Alguém, no entanto, já se pôs a refletir sobre a razão do foguetório, da felicidade que transborda, da música tocada a todo volume nas casas, nas calçadas e nas praças? Eu pergunto, por qual a razão, verdadeiramente? Pelo novo ano que está preste a se iniciar, me dirão de imediato.
Não, amigos! Não é pela ilusão de que no próximo ano tudo há de mudar para melhor. Os juros do mercado continuarão a subir, o cartão de crédito e o cheque especial atingirão a estratosfera. Os banqueiros terão mais razões para suas comemorações. A indústria nacional sentirá uma vez mais a interferência da poderosa infiltração chinesa e dos piratas. A violência urbana não se extinguirá dos noticiários. Os políticos e o compadrio também corruptos permanecerão corruptos e o rodízio de pizza será farto e interminável.
Espocamos os foguetes, lançamos fogos de artifícios, nos emborrachamos e, pateticamente, dançamos ao som da música das duplas sertanejas ante a evidência de que este ano está dando os seus últimos suspiros. Brindamos, sim, pela constatação de que, dentro de alguns instantes, ele será uma página definitivamente virada. Queremos, não! Desejamos, não apenas isto! Ansiamos, sim, e ardentemente ver o ano velho pelas costas.
E não será apenas neste dia 31 de dezembro de 2007. Não serão noutros sábados, domingos ou segundas-feiras.
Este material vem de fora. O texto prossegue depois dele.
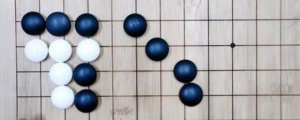 围棋哪方先行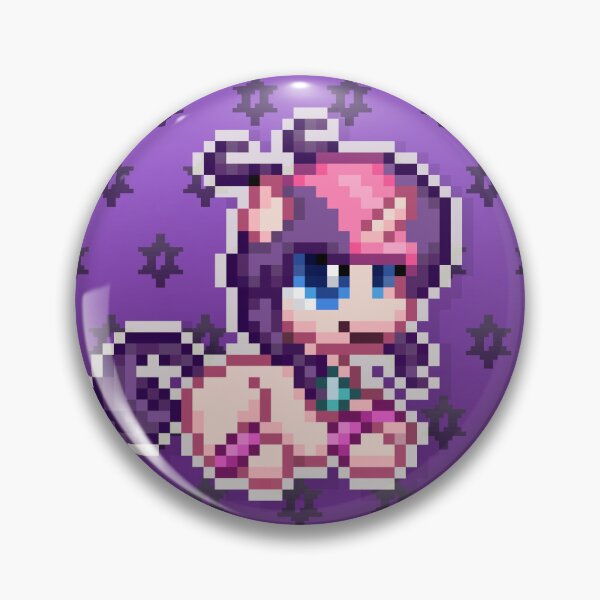 Artikelvorschau, Pixel Art Teletina entworfen und verkauft von YotesMark.
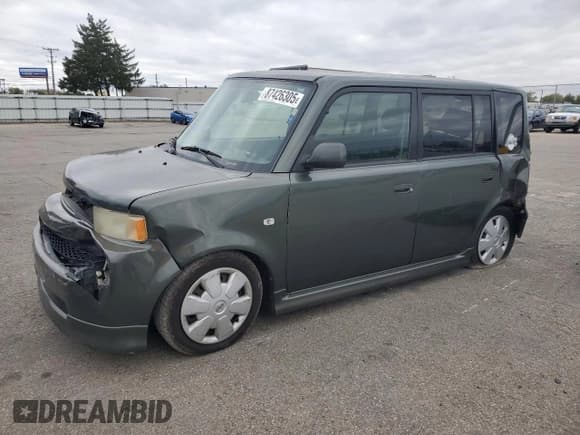 ✅ 2006 Scion xB • VIN: JTLKT324864056422 • Лот: 87426305. Опубликован ранее на Copart с пробегом 244 052 миль. Бесплатный доступ к архиву аукционных продаж из США и подробный отчёт об истории автомобиля на DreamBid. Изображение 1.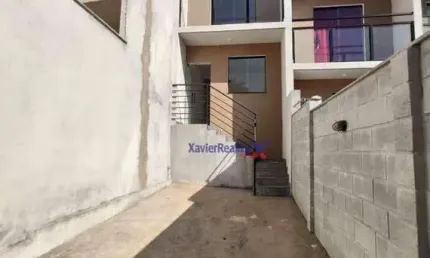 Casa com 2 dormitórios à venda, 66 m² por R$ 264.000,00 - Camargos - Ibirité/MG
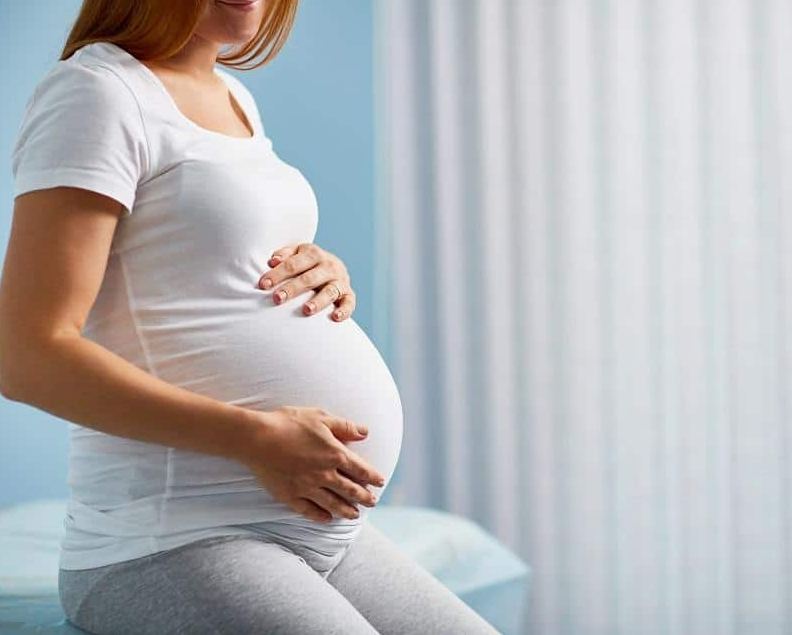 Een zwangerschap zien voor een ongehuwde vrouw in een droom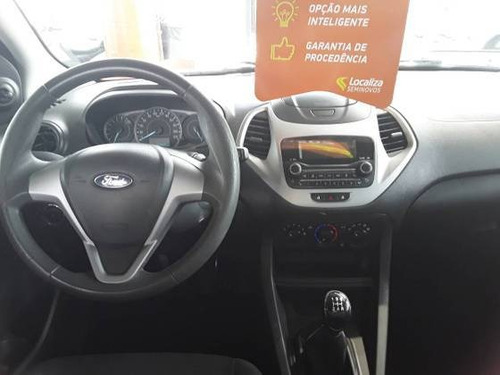 Ford Ka 1.0 Ti-vct Flex S Manual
Tampouco será tão-somente no próximo 31 de dezembro. Sísifo, um salteador, foi condenado pelos deuses a incessantemente rolar uma rocha até o topo de uma montanha, de onde a pedra cairia de volta devido ao seu próprio peso. Os deuses pensaram, e com alguma razão, que não há punição mais terrível do que o trabalho inútil e sem esperança. Porém, Sísifo, tenazmente, desce a montanha até o sopé, retoma a pedra e torna a rolá-la de volta ao topo. Tal como Sísifo carregamos por uma vida inteira o compromisso do eterno recomeço.
Ao encontro dos ponteiros na meia-noite de cada 31 de dezembro celebramos a conquista do topo onde colocamos a pedra que individualmente nos foi dada carregar. E, ali, festejaremos e brindaremos nossa vitória sobre as feridas abertas em nossos corpos, as mãos dessangradas, as lágrimas vertidas, os cansaços de cada jornada, as dores e os sofreres que a subida nos causou.
Explodiremos fogos de artifícios e foguetes. Brindaremos com o generoso champanha ou com a mais singela e pura cachaça. Dançaremos ao som do pagode, dos sertanejos ou, até mesmo, de uma doce e melodiosa valsa vienense. Festejaremos, sim, o fato de que nós, verdadeiros e humanos Sísifos, em que pese sabermos que a pedra, uma vez mais, rolará montanha abaixo, teremos a eterna capacidade de descer e começar tudo outra vez.